Unless your husband and daughter kept her/thier choice to go into the military a secret until the deal was done because they didn’t want to hear your possibly cautionary opinion—

Unless you’ve been blindsided by a spouse high on marijuana and self centered righteousness telling you in front of your adult children that he’d had a years long affair with your brother’s ex. Unless your spouse has thrown clothing at you, run from you when you see him slipping back into his addiction—caught red handed. Unless you’ve had your pots and pans dented, your refrigerator door marred, your glassware and plates broken by a raging shame-based, validation addicted spouse.

Unless you’ve had your adult daughter tell you that you treat her father terribly without the ability to give you even one example. Unless you know in your heart that you have never intentionally done anything to hurt anyone—least of all your spouse.

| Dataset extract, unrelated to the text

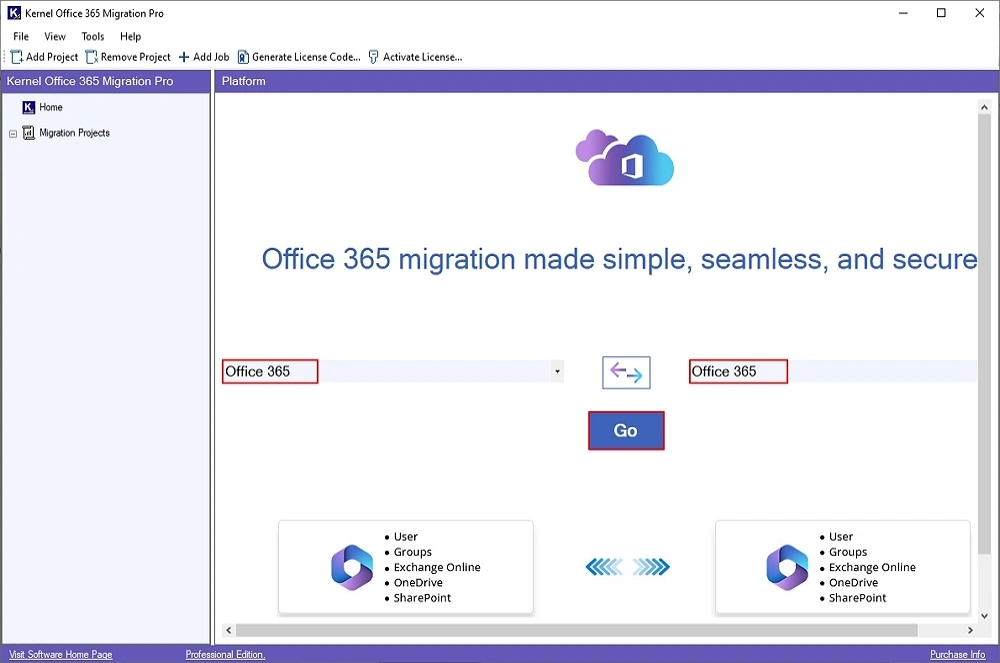 Office 365 in source and destination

Unless you know you have worked past reason to uphold your family, your spouse, your children and help them to achieve their dreams.

You don’t understand.

You don’t understand.

You don’t understand.

The absolute desolation, heart wrenching, gut twisting grief in finding out that your life had been made a mockery by the man who swore to love, honor and cherish you. You don’t understand how it feels to know he intentionally pursued her, made love to her, shared his body with her, caressed and kissed and fondled her—gave her what he promised to you and you alone.

And then he blamed you for not being enough for him. “What did you expect?” he jeered.

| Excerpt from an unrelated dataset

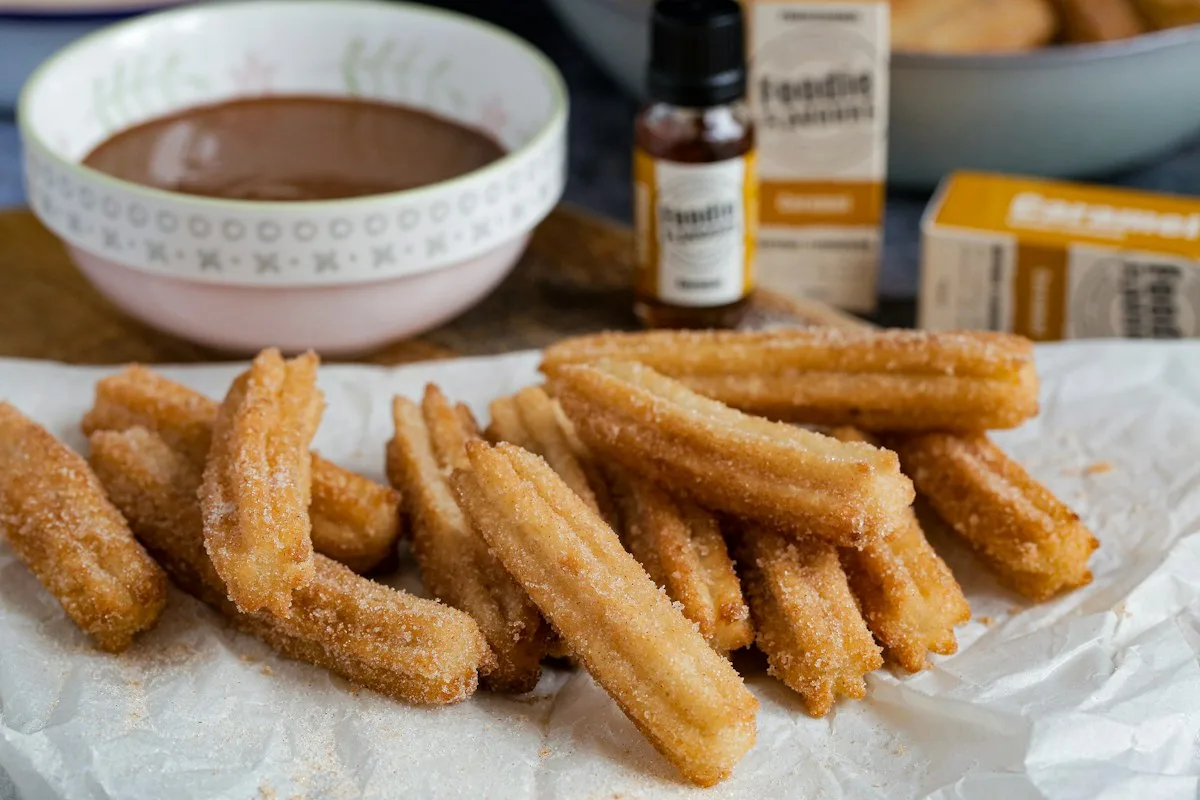Churros with chocolate sauce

He blames you for rejecting him because you weren’t sexual enough with him.

He tells your adult daughter stories and she blames you too.

You don’t understand.

How could you?

You didn’t live as a faithful, over giving, over committed wife and mother all twenty seven years of his affair. You didn’t live in the naïve belief that just because you gave your all he would love you. Love you—the verb.

You don’t understand. You can’t understand. Because you are not me. You are not the tender hearted dreamer that believed in happily ever-afters for those who work and toil and give and love, deep and far and wide. This doesn’t happen to us. Not us—the good, the faithful, the giving, the perfectly imperfect planners and lovers of life and marriage and family.

You haven’t had your heart split wide open in one moment of vicious confession, meant to wound. You haven’t struggled and worked and read, and prayed and invested in the dream of a marriage and family that could weather any storm. Any storm as long as we remained a team—we faced it together. Except together was an illusion. A lie. A wicked knife to the heart, bullet to the head, life ending lie.

Except it didn’t kill you. It should have, ought have, wished it had. It would have to be easier to be dead than to live every minute of every day in the torturous agony of betrayal. The knowledge of being betrayed.

Betrayal.

Betrayal.

Betrayed. Done deal. No re-do’s

You don’t understand.

How could you.

You aren’t me.

Thank God…there but for the grace of God, goes you.